Chinese tech behemoth Tencent has been impacted by the government's decision to regulate the domestic gaming market – the world's largest – as part of a multilayered action plan to combat rising levels of myopia in the country.
The shares of the leading gaming company, which has a market value of 3.25 trillion HK dollars ($414.12 billion), closed down 4.9 percent on Friday – a tumble fall that wiped out over $150 billion in just half a day, according to China Securities Journal.
NetEase, another leading tech company, was also hit hard with stocks falling 7.19 percent on the same day, hitting a record low since June 1, 2016.
The downward spiral of gaming companies' stocks came a day after Chinese education authorities directed the country's publishing administration to regulate the total number of online games available on the market, curb the number of new titles and limit playing times for minors.
The directives are part of a broader plan to tackle myopia in a country where more than 36 percent of its fourth graders and 65 percent of its eighth graders wear glasses to school, according to official data published in July this year.
Parents were also encouraged to ensure their children have enough sleep time, get exposed to outdoor natural light, and be physically active.

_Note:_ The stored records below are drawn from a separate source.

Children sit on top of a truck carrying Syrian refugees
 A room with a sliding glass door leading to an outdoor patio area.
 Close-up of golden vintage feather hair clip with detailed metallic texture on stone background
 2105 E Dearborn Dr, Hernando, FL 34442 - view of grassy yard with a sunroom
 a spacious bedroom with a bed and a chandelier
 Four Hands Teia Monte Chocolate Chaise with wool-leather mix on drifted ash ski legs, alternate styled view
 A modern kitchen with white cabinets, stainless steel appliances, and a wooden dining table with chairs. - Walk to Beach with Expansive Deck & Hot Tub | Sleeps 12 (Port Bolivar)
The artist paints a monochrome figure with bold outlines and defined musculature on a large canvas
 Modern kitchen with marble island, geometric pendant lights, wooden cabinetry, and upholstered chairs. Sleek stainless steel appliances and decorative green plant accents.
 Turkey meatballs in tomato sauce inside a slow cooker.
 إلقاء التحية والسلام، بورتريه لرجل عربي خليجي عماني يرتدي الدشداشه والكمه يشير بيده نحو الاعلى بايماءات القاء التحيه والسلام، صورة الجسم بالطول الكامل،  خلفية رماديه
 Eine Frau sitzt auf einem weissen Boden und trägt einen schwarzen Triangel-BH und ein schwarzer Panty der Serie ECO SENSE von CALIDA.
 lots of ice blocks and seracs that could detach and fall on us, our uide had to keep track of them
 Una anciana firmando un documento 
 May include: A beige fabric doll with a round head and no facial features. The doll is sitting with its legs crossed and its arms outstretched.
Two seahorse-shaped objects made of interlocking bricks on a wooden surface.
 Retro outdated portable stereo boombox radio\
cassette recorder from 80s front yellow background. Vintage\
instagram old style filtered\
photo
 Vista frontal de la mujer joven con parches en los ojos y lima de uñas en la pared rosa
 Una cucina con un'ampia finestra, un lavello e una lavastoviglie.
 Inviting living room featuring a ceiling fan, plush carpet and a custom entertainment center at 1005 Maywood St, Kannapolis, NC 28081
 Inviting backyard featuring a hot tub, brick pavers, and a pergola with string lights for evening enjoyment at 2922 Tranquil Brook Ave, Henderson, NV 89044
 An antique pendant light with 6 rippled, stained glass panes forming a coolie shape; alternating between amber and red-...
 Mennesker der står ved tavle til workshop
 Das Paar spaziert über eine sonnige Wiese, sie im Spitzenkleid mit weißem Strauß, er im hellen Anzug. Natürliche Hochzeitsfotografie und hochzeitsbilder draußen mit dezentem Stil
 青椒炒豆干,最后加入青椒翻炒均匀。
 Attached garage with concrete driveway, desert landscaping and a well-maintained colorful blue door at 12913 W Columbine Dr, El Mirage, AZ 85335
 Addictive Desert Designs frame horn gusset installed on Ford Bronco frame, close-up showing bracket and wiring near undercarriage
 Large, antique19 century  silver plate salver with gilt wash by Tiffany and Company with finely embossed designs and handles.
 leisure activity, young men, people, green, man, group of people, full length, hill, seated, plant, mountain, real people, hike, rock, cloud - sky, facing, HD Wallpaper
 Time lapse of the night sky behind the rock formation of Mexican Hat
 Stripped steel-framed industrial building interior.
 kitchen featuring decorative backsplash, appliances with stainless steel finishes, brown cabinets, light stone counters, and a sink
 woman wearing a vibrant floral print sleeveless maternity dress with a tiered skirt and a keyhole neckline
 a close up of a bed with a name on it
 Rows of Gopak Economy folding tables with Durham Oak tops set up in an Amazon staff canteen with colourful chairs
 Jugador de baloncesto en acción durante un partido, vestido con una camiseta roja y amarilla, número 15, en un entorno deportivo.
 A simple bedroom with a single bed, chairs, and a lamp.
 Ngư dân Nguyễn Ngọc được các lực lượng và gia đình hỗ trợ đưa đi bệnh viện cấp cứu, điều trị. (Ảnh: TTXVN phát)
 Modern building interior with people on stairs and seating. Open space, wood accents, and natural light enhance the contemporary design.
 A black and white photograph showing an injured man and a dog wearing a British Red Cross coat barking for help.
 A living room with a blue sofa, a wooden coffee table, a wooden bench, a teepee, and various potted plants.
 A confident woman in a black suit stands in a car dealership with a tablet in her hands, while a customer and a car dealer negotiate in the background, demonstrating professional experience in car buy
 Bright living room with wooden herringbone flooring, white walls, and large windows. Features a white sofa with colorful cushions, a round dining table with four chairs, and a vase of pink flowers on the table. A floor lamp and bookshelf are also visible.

A growing obsession with video games and digital products has been partially blamed for worrying levels of myopia among schoolchildren in China, along with intense homework load.
Tencent came under fire in July with major Chinese media like Xinhua News Agency and People's Daily publishing articles criticizing one of its most popular games, Honor of Kings, for the addictive situation it created among teenagers and calling for tighter control of the industry.
The tech giant reported a two-percent fall in net profits in the second quarter of 2018 mainly because of sluggish growth in its gaming segment, the first decline in 13 years.